Count 1: Nature and circumstances of the offence

  1. Subsection 16A(2)(a) requires that consideration be given to the “nature and circumstances of the offence”. I have already described the facts involved in count 1. There are a number of features of the offence and the offender’s conduct that warrant the conclusion that this case falls into the worst category of offences under s 135.4(5).

  2. First there is the loss or risk of loss that was intended to be caused to the Commonwealth. I have already found that the extent of the loss or risk of loss that was intended to be caused to the Commonwealth was approximately $135 million. During the course of sentencing submissions the Court was referred to a number of sentences imposed in respect of taxation fraud. None of the decisions to which the Court was referred involved an attempt to defraud the revenue authorities of an amount of that order.

  3. Second, there is the level of sophistication and planning involved. This was a well thought out conspiracy.
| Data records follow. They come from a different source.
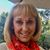 Vicki Bailey Lindsey's profile image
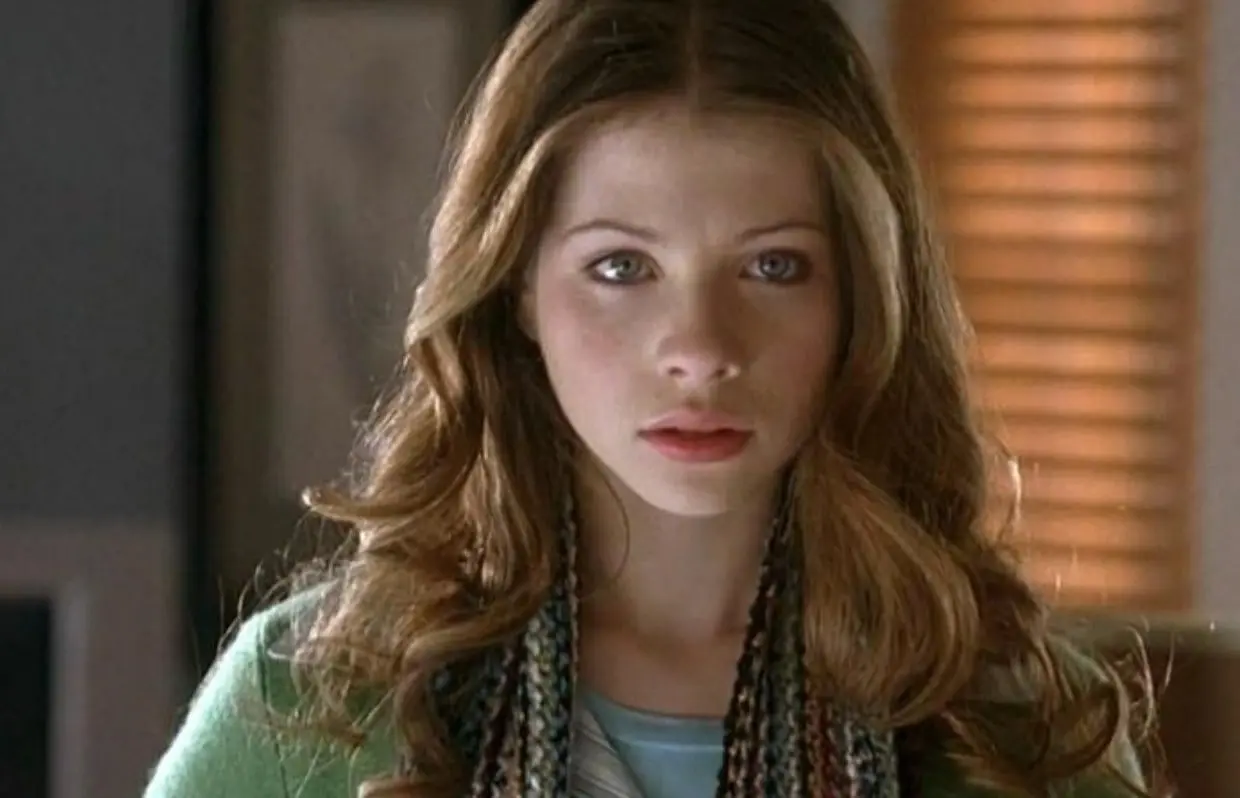 ¿Qué fue del elenco de Sueños sobre hielo a 18 años del estreno?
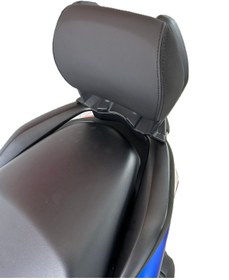 Resim Obdshop34 Yamaha Uyumlu Nmax Sisibar 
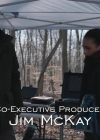 Charmed-Online-dot-nl_FBIMostWanted2x05-0562.jpg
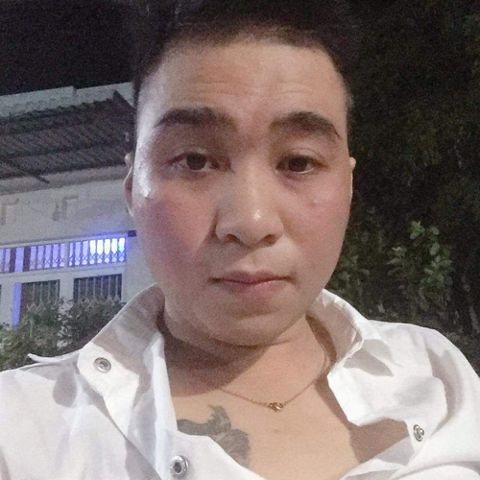 hoàngnam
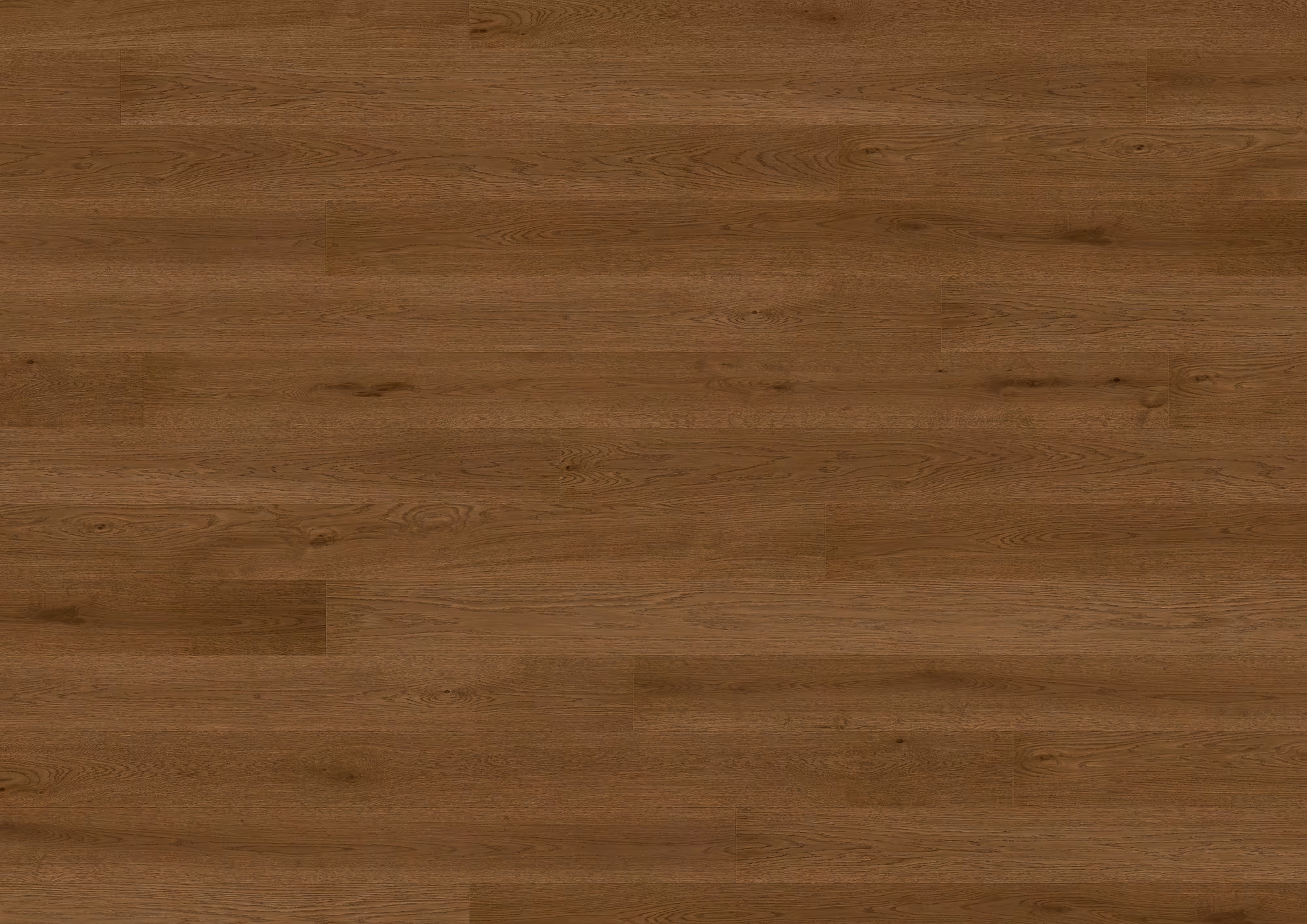 ter-huerne-13-mm-ter-huerne-parkett---eiche-barolo-13x162x2190mm-eiche-blauer-engel-30-jahre-im-wohnbereich-nein-landhausdiele-mattlackiert-02 13 mm ter Hürne Parkett - Eiche Barolo_ter-huerne-13-mm-ter-huerne-parkett---eiche-barolo-13x162x2190mm-eiche-blauer-engel-30-jahre-im-wohnbereich-nein-landhausdiele-mattlackiert-02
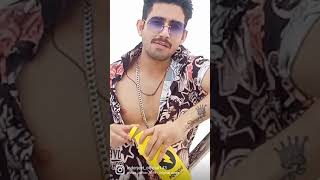 चत क आग म हथ सकग Inderjeet Official Vlogs Shorts Video Like Share And Subscribe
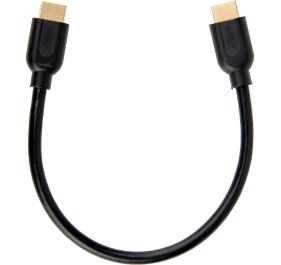 Rocstor Y10C156-B1 Cables, Connectors, and Adapters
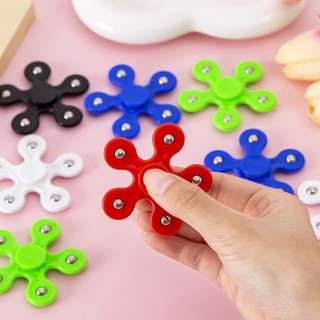 Đồ chơi con quay spinner vui nhộn cho bé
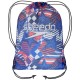 Мешок Speedo PRINTED MESH BAG ASSORTED 8-1281316696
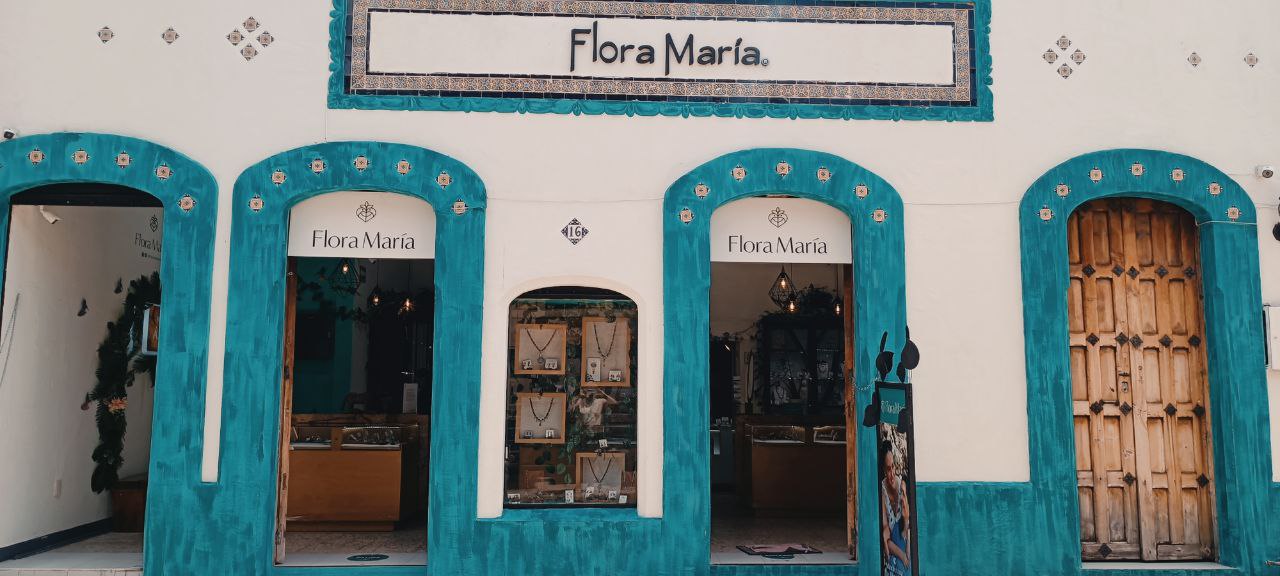 Следы Великих Культур 9 Дней/8 Ночей (15/76)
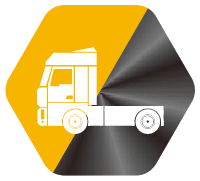 DuraMac-website-icon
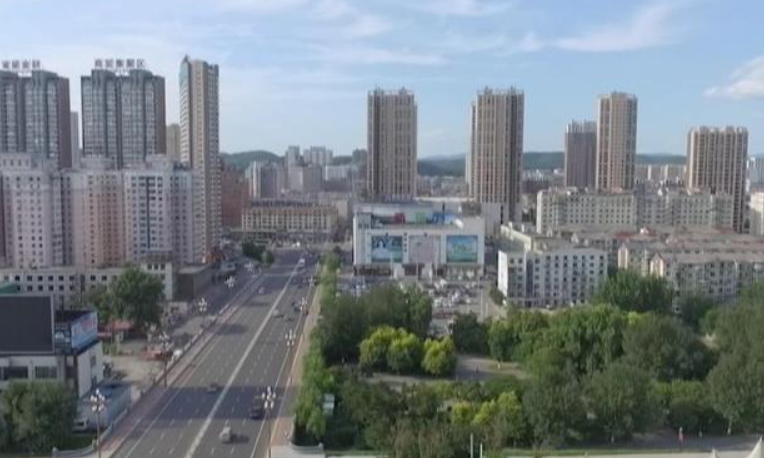 20221110105846054256.png image.png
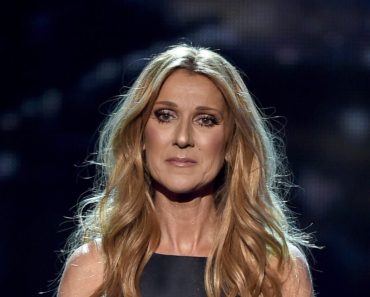 Celine Dion’s Battle with Stiff Person Syndrome Takes a Devastating Toll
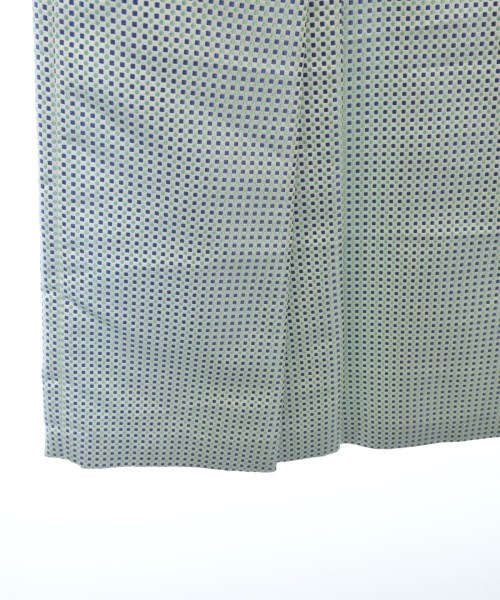 JIL SANDER NAVY（ジルサンダーネイビー）ワンピース 紺 サイズ:32(M位) レディース/2200716111016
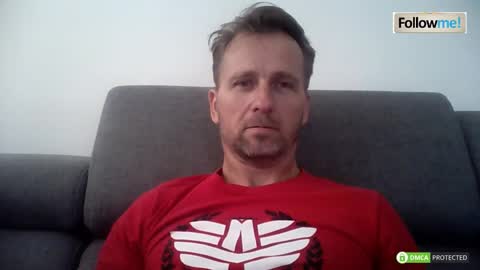 Snapshot of tomhardic chatting on October 10, 2025, 11:09 am TOM online show from October 10, 2025, 11:09 am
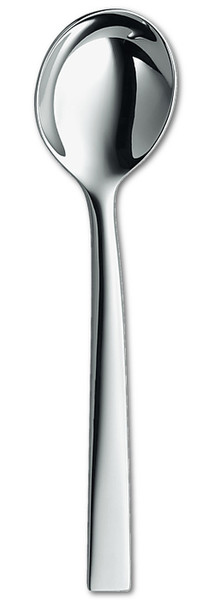 ZWILLING Cream/Soup spoon Silver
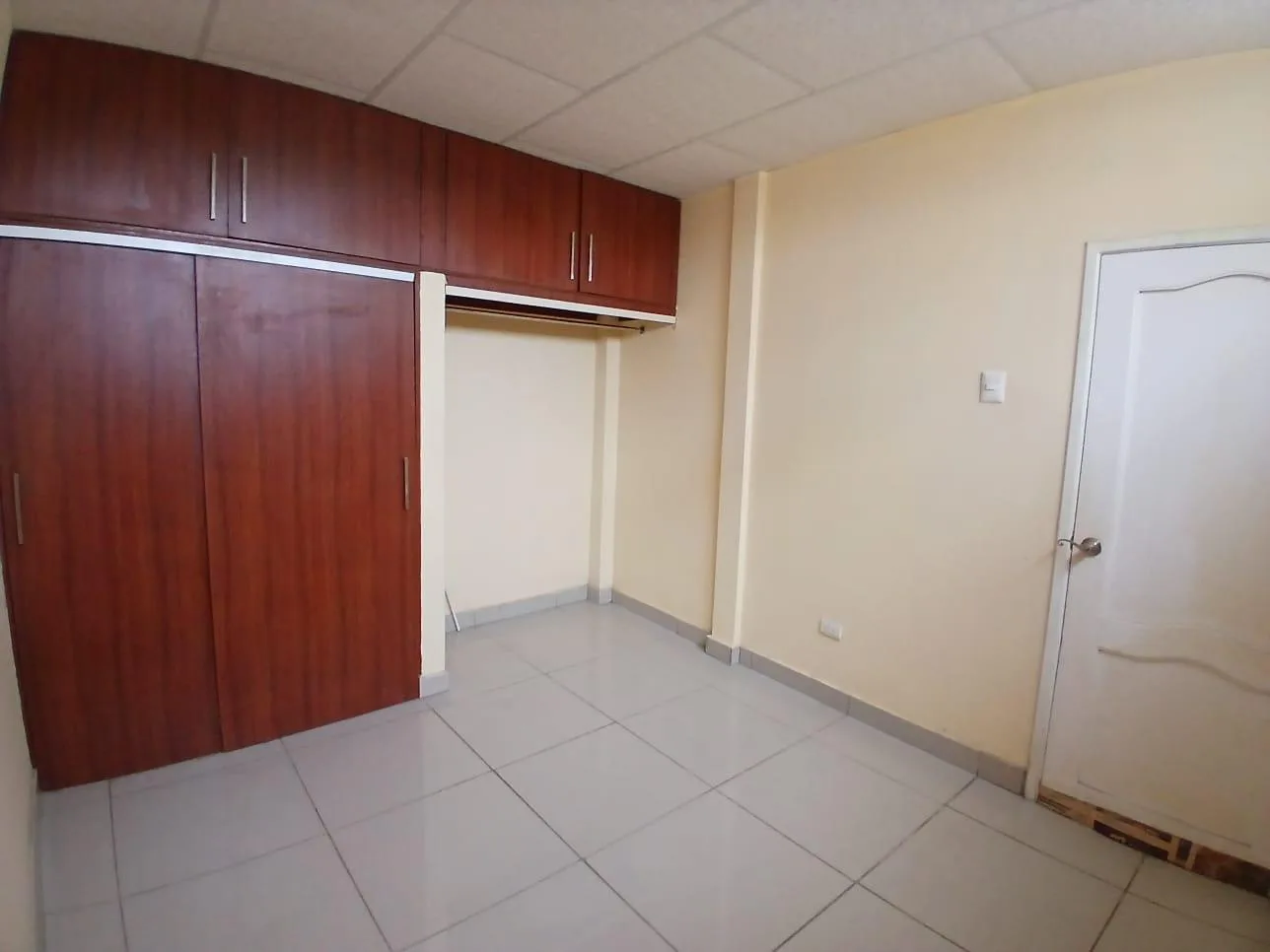 Casa en Venta en Duran – Panorama AngR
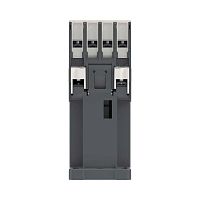 Контактор магнитный YON DSC018 18A 7.5кВт AC3 3P кат.48В DC 1НО YON DSC018-3C10D048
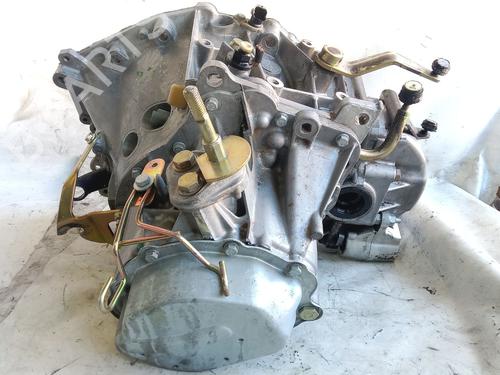Gearbox CITROËN XSARA (N1) 2.0 HDi 90 | BP29888392M3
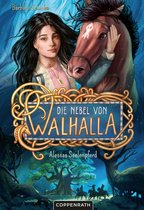 Die Nebel von Walhalla - Die Nebel von Walhalla (Bd. 1)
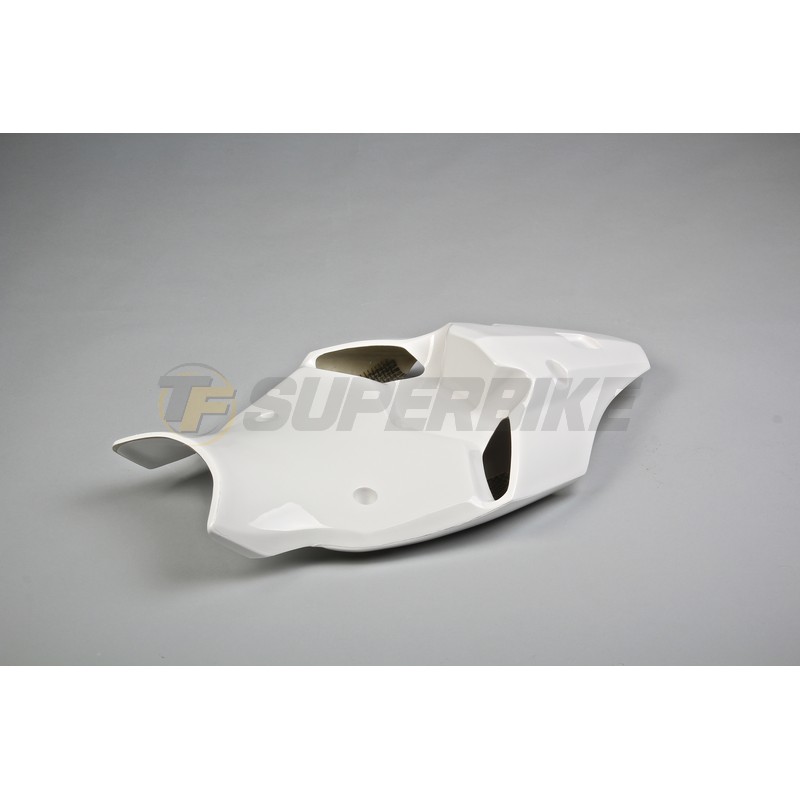 Kit Mutant Yamaha R1 2015-2019 a 2020-2025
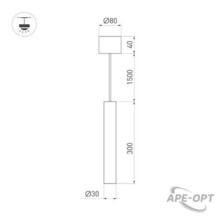 Изображение товара https://img.ape-opt.ru/images/products/original/bf/74/a0/bf74a004ce3d1aed04921c53a0e1f5de.JPG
The offender applied his considerable expertise and business acumen in dealing with a large financial institution, inventors of medical technology and professional advisers, as well as documenting the arrangements necessary to implement a very large fraud on the revenue. The formation and implementation of the conspiracy took place over many years. As noted, the jury were satisfied that it was formed prior to 12 January 2007. The offender caused the lodgement of NHA’s amended returns in February 2012 and the conspiracy was still ongoing when the offender was arrested in April 2012. The offender did not simply implement a fraudulent scheme designed to avoid tax on legitimately earned income. Instead he formulated and implemented a plan to obtain an income stream which would only be of value to him if NHA fraudulently claimed deductions.

  4. Third, the implementation of the conspiracy involved the use of numerous indicias of deceit, including false identities and concocted documents. For a sustained period the offender deliberately set out to lay a false documentary trail in a number of places to avoid detection and to assist NHA in withstanding scrutiny of its depreciation claims.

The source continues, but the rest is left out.